Revolution in crowdfunding

Crowdfunding, i.e., funding by community, is a form of alternative funding that is most frequently used by start-ups and small and medium-sized enterprises. Given an increasing interest in this institution among entrepreneurs and investors, it was necessary to regulate that issue in the large market of the European Union. As a response, at the beginning of October 2020, the European Parliament adopted regulations on crowdfunding. They include the Regulation of the European Parliament and of the Council (EU) of 7 October 2020 on European crowdfunding service providers for business, and amending Regulation (EU) 2017/1129 and Directive (EU) 2019/1937 (Regulation). In addition, the European Parliament amended the MiFID II Directive, which excludes the application of the regulations of the Directive to crowdfunding service providers.

  1. What is crowdfunding?

Crowdfunding is defined as a type of collecting and allocating capital for the development of the defined project in return for the defined benefits that involve a wide group of investors by use of telecommunications and IT technologies and subject to a smaller entrance barrier and better transaction conditions than those generally available in the market.[1]
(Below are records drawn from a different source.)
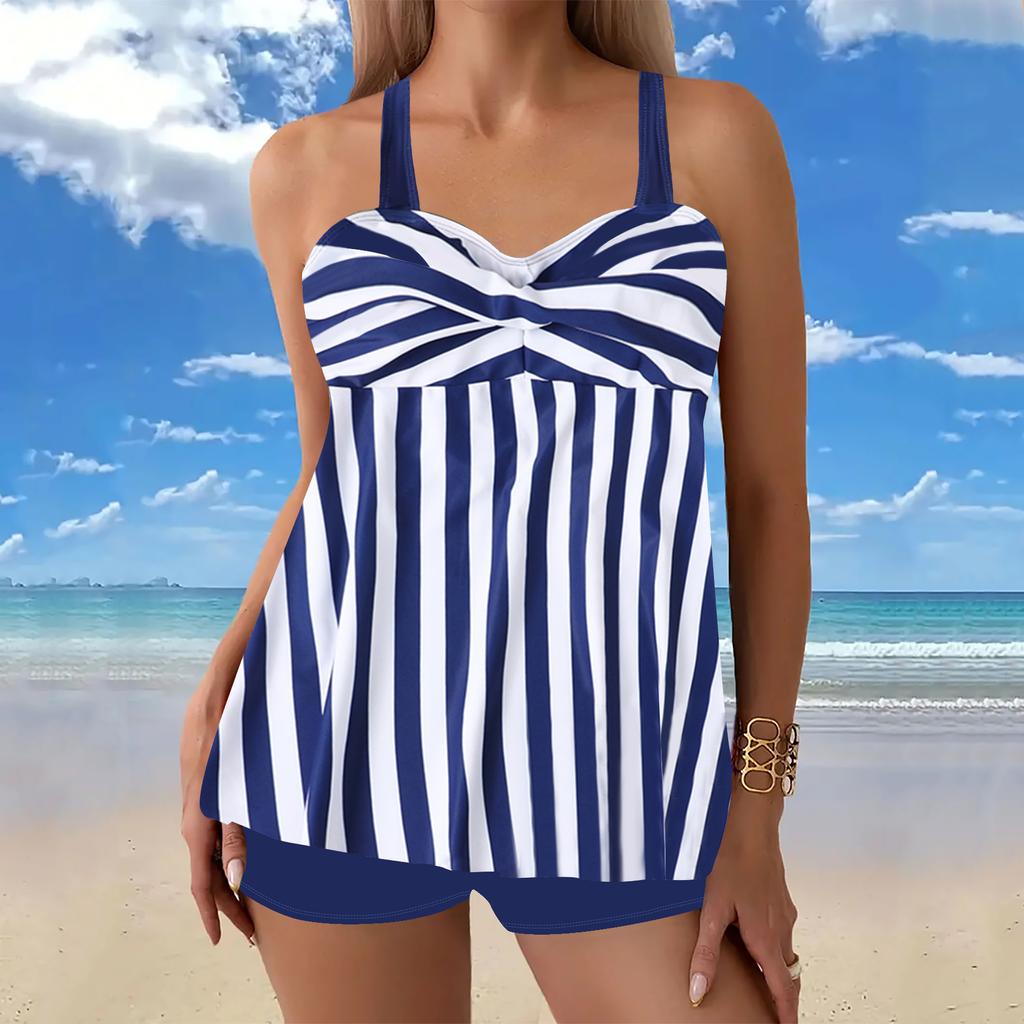 Swimsuit Bikini Print  Two Pieces Swimsuit Swimwear Women  Beachwear Bathing Suit XS-8XL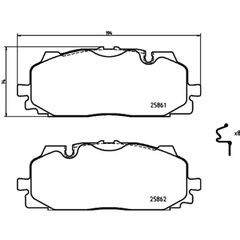 Σετ τακάκια, Δισκόφρενα Brembo P 85 165X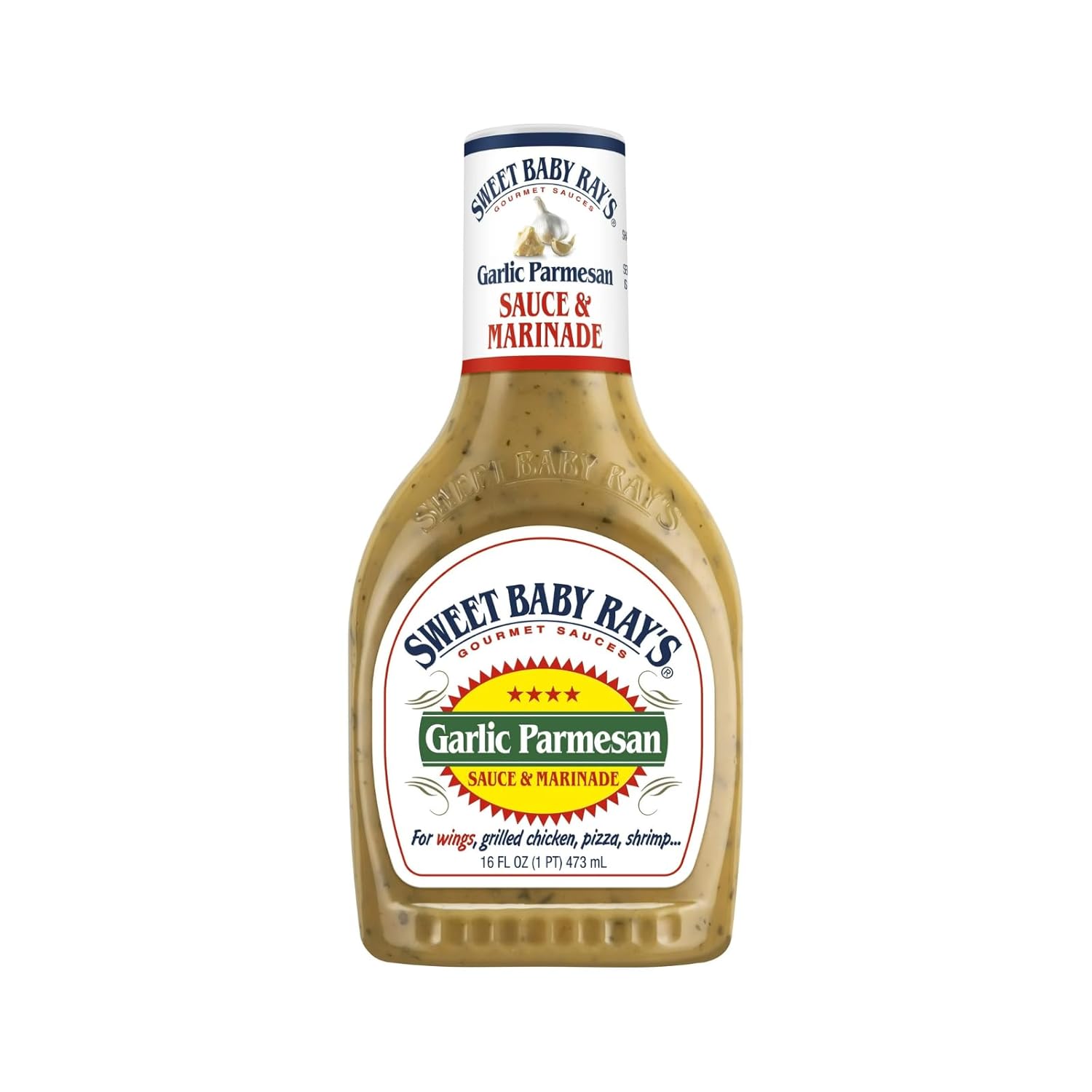 salsa queso y parmesano Sweet Baby Rays, Salsa De Ajo Y Parmesano / 473Ml - Imagen 1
Crowdfunding usually involves 3 entities:

  • A project owner that wants to acquire capital to carry out its project;
  • Investors that finance the project;
  • A crowdfunding service provider that acts as an intermediary between project owners and investors through a relevant Internet infrastructure.

Crowdfunding may have various forms; however, the Regulation only applies to crowdfunding based on loans and an investment crowdfunding model.

  1. New limit of collections

The Regulation introduces a new limit of the total value of an offer which the Regulation will apply to. It is EUR 5,000,000 during 12 months. This is a significant change in comparison with the previous limit of EUR 1,000,000. Undoubtedly, this will let extend the catalogue of projects funded in such a way significantly and open new opportunities for investments where a large development contribution is necessary.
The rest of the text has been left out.